Step Two: Be Prepared for Resistance
Expect that others may not initially like the new you. Changing established dynamics can be challenging. Imagine being on a plane with a tantrum-throwing 2-3 year old behind you during takeoff—it's uncomfortable, and there may be resistance. However, if you're following step one, you can get through it.
Step Three: Communicate and Follow Through
Clearly communicate your boundaries and follow through, even if the other person doesn't comply. For instance, if you agree to meet a chronically late friend for lunch at 1 pm, communicate your need for punctuality beforehand. If they still arrive late without notice, you have the choice to either send a message and leave or wait until the scheduled time and leave without extending the hangout. The boundary is followed through by the issuer, with or without the other person's compliance.
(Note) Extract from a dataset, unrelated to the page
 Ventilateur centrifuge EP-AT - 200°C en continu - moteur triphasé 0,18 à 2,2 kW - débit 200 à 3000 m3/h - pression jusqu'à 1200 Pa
Step Four: Embrace Short-term Discomfort for Long-term Change
Be willing to endure short-term discomfort to achieve long-term changes. Establishing and enforcing boundaries may initially feel uncomfortable, but this discomfort is a small price to pay for creating healthier relationships in the long run.
In closing, yes, it’s a new concept however, something in you let’s you know that it’s needed. The feeling in the pit of your stomach, that chest pang, that slightly “run away” feeling let’s you know that something is wrong. It may very well be that you are and have let other violate your boundaries one too many times. It’s alright take a step to do something different.